* [Input data]
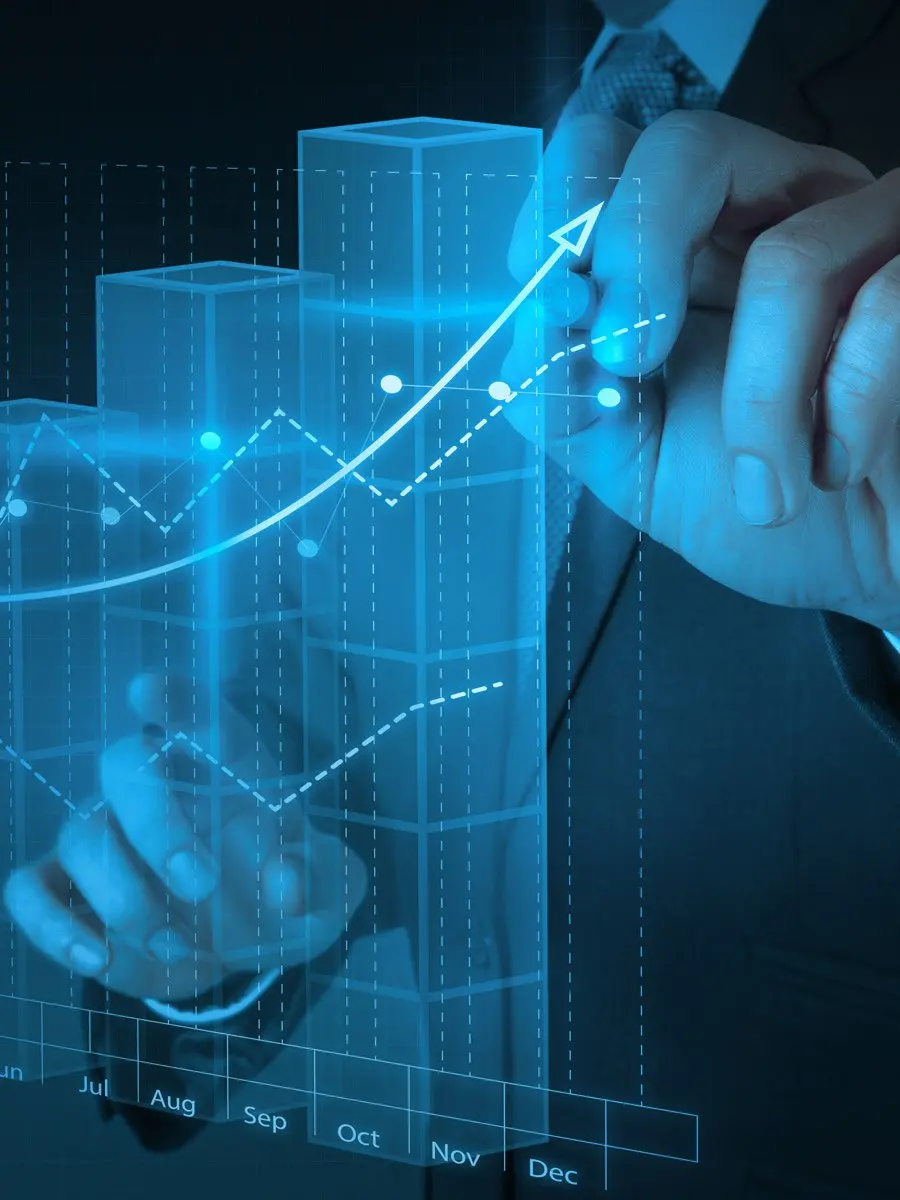 Цифровой финдиректор: как AI делает прозрачным P&L
Когда я предложил одному директору подключить AI к P&L, он усмехнулся:
— «Посмотрим, чему он меня научит» | Сетка — социальная сеть от hh.ru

* [Assignment]
Reproduce the listing exactly. Do not include its images.

* [Written solution]
 Цифровой финдиректор: как AI делает прозрачным P&L
Когда я предложил одному директору подключить AI к P&L, он усмехнулся:
— «Посмотрим, чему он меня научит» | Сетка — социальная сеть от hh.ru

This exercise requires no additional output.